LIEBERMAN: Yes. I -- it's always dangerous to disagree at all with Alan Greenspan. But I think that there are two dangers here, in Congress' reaction to Enron. One is that we will do too much. The other is that we will do too little.

As you look back at our history of fair labor laws and child labor laws and environmental protection laws and fair investment laws, they all have followed abuses and scandals, for which we have learned and taken those lessons and put them in the law to try to make sure it didn't happen again. I think we've got to do some of that here.

WOODRUFF: Senator Lieberman, we're going to have to leave it there. Thank you very much for joining us.

LIEBERMAN: Thank you, Judy. Always good to be with you.


WOODRUFF: And coming up, Rich Lowry and Julio Noboa will way weigh in on the spiraling violence in the Middle East, and on the efforts under way to stop the bloodshed.


WOODRUFF: Checking our INSIDE POLITICS "Newscycle," violence continued to flare today in the Middle East. In Jerusalem, an Israeli policeman was among those injured when a car bomb exploded at a busy intersection. The bomber was killed. It was the sixth suicide bombing in six days and the 35th since late January.

A high-level government source tells CNN that Pakistan has turned over to the United States a man believed to be Abu Zubaydah. If it is Zubaydah, he would be the highest level al Qaeda member captured since the September 11th attacks.

And in California, mourners gather today for the funeral of Milton Berle. The 93-year-old comedian died last week at his home in Beverly Hills. Known to his fans as Uncle Miltie, Berle was considered television's first superstar.

Well, with us now with their takes on some of the top issues of the day, Julio Noboa of the "San Antonio Express-News" and Rich Lowry of "The National Review."

Gentlemen, there have been a lot of terms thrown around in the last few days about the Middle East. We've had President Bush not call Yasser Arafat a terrorist and there have been questions raised about that. We've had Prime Minister Sharon say that Israel and the Palestinians are at war.

Mr. Noboa, to you first. To what extent does the rhetoric, does the language, really matter right now?

JULIO NOBOA "SAN ANTONIO EXPRESS-NEWS": I think the rhetoric is very important, because if you don't define what you mean by terrorism, it's going to be very difficult to have anybody actually be on our side and serve as our allies. We need allies in this war against terrorism. And if the rhetoric is such that we're defining terrorism in one way, and not actually looking at the true definition of it, then we need to be clear on what this definition is.

WOODRUFF: Rich, I just want to ask Rich Lowry on that point. Rich, you know, does it really matter at this point, when events of -- in the view of many, just completely gotten out of control, whether you use the word terrorist, or whether you say we're at war or not?

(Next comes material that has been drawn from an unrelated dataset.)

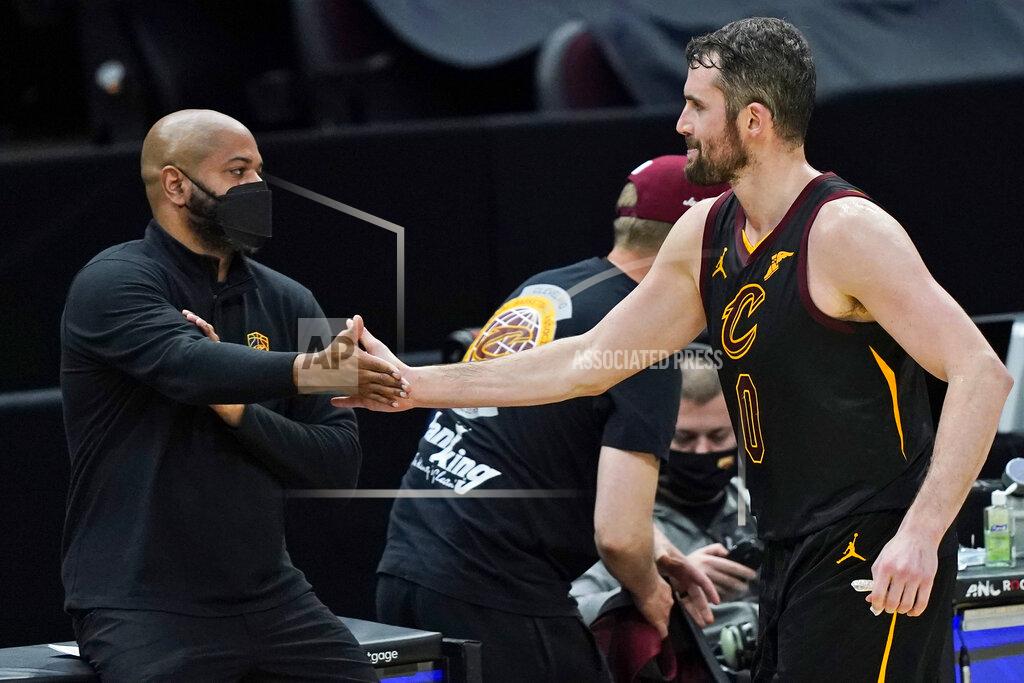 Tony Dejak Cleveland Cavaliers' Kevin Love, right, is congratulated by coach J.B. Bickerstaff during the second half of the team's NBA basketball game against the Boston Celtics, Wednesday, May 12, 2021, in Cleveland. The Cavaliers won 102-94. (AP Photo/Tony Dejak)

RICH LOWRY "NATIONAL REVIEW": Well, I think it's very clear. A couple of things: one, there is terrorism at play here. The Palestinians are obviously using it as a tactic -- a very effective tactic. And that's why Yasser Arafat is using it as a tool in the first place.

And that's why the administration, at some point, I think, is going to have to give up the sort of sort of pathetic begging of Arafat to eschew terrorism. Because it's clear that he thinks it works for him. And it's not going to stop working for him until the Israelis really hit back hard that. And that means, in effect, waging war.

The fact is, there's been a war going on in the region for about 18 months. And Yasser Arafat has been waging it and get getting hit back hard enough for it.

WOODRUFF: Let me just ask you both quickly, Senator Arlen Specter said over the weekend that he believes General Zinni has a plan to send in U.S. peacekeepers into the region. Julio Noboa, does that make sense? Given the current state of affairs, would sending in U.S. peacekeepers, any time soon, make sense?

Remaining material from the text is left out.